Untuk menilai kekuatan pembuktian
terhadap alat-alat bukti, maka menurut Ansori Sabuan (1990:186-189) ada 4
(empat) sistem pembuktian yaitu :
Sistem
pembuktian keyakinan belaka, menurut sistem ini hakim dianggap cukup
mendasarkan terbuktinya suatu keadaan atas keyakinan belaka, dengan tidak
terikat oleh suatu peraturan hukum, hingga dengan sistem ini hakim dapat
mencari dasar putusannya itu menurut perasaan semata-mata, hingga dengan
demikian atas dasar perasaan itu dapat dipakai untuk menentukan apakah sesuatu
keadaan dianggap telah terbukti atau tidak.

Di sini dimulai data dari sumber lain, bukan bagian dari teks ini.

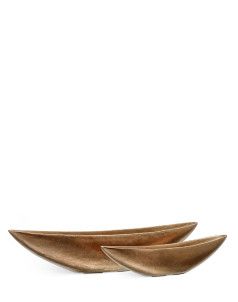 Кашпо-ваза TREEZ Эффектори Металл Лодка Тёмное матовое золото в-15 см, ш-13,5 см, д-65 см 4/4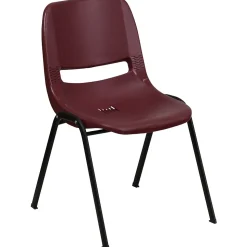 Flash Furniture HERCULES Series Plastic Shell Stack Chair, Burgundy/Black (RUTEO1BY)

Dalam sistem ini hakim tidak
diwajibkan mengemukakan alasan-alasan hukum yang dipakai dasar putusannya namun
demikian kalau hakim dalam putusannya itu dengan menyebut alat bukti yang
dipakai, maka hakim bebas menunjuk alat bukti itu, termasuk upaya pembuktian
yang sekira sulit diterima dengan akal. Misalnya adanya kepercayaan terhadap
seorang dukun setelah mengadakan upacara yang bersifat mistik dapat menetapkan
siapa yang salah dan siapa yang tidak salah dalam suatu tindak pidana.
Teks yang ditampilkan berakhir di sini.